Auch eine „Erwartete Tabelle“ lässt sich auf diesem Weg berechnen. Über die „Expected Goals“ der gegnerischen Teams – die sogenannten „xGa“ für „Expected Goals Against“ – lassen sich für jeden Spieltag die zu erwartenden Ergebnisse aller absolvierten Duelle oder eine Tabelle rekonstruieren. Diese ähnelt der tatsächlichen Tabelle zwar in Teilen, doch auch einige Abweichungen sind auffällig.

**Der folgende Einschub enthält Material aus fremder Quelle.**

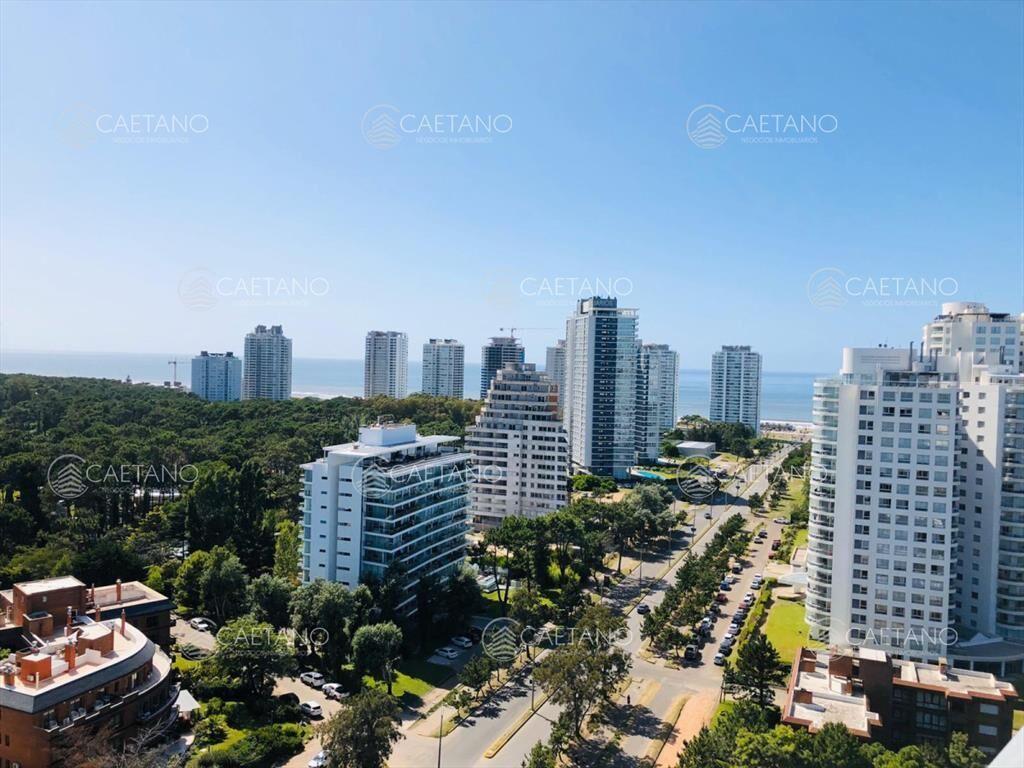 EXCELENTE OPORTUNIDAD DEPARTAMENTO DE 3 DORMITORIOS EN EDIF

So belegte der FC Schalke 04 zwar auch in der „Erwarteten Tabelle“ nach dem 23. Spieltag den letzten Tabellenplatz, beim VfB Stuttgart sind jedoch drei Punkte mehr als in der Realität auf dem Konto. Überraschend ist das Bild auch an der Tabellenspitze. Hier führte nicht etwa der FC Bayern München die Tabelle an, sondern RB Leipzig vor Borussia Dortmund. Die Münchner liegen sechs Punkte hinter Leipzig und vier hinter dem BVB erst auf dem dritten „erwarteten“ Tabellenplatz. Über die Aussagekraft von „Expected Goals“, „Expected Points“ und daraus folgender Tabelle darf somit individuell geurteilt werden.